When Constantine recently turned 60, she didn’t obsess about it. “I can say I’ve turned 60 and I like chocolate in the same breath,” she says. “Writing this book, I’ve learned a lot about myself. I would not have looked back. I am very much someone who lives in the present. That is a gift. I don’t look forwards, either.” She attributes that propensity to her mother, whom she describes as “severely bipolar. Waking up every day unsure how she was going to be, or whether she was going to try to commit suicide. That gave me the ability to live in the present.”

Recovery, she says, has also helped hone that skill. “When I stopped drinking, all these little miracles would happen … I would notice more every day – the birds singing, I would notice leaves starting to grow on the trees. I regained my appreciation for nature, the way I grew up in the country.”

Her upbringing was privileged, but she now realizes her successful mercantile class father was perpetually jealous of the landed gentry. Dating Armstrong-Jones was a coup in her parents’ eyes, and, as she looks back on those years, she realizes she has her own complicated relationships with class structures. “I don’t think I changed my view as such, but growing up as upper middle class in an upper-class environment, it was all I knew.”

The manor-born world of rural Britain, in particular, was a bubble. “The outside world didn’t exist, not just to us kids, but to adults as well. There was no desire to look beyond the walls of privilege, no real curiosity of rest of the world.”

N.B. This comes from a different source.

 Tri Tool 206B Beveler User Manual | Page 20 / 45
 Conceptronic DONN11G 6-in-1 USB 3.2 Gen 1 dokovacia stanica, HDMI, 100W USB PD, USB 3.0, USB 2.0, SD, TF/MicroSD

Constantine got by in that world by acting up. “I would meet someone and make an outrageous comment, mainly so they would remember me, because I didn’t think there was anything else interesting about me.” It was a bit like being a stand-up comedian, although she now admits, “I’m shy at heart.

The Sloane Ranger crowd – so named because they hung out in London’s Chelsea neighbourhood near Sloane Square – was suffused with hubris. “It’s funny, when I look at a lot of the people I grew up with, there is a certain amount of arrogance attached to them. I don’t think you can truly be shy if you are arrogant. Arrogance is always hiding some kind of insecurity.”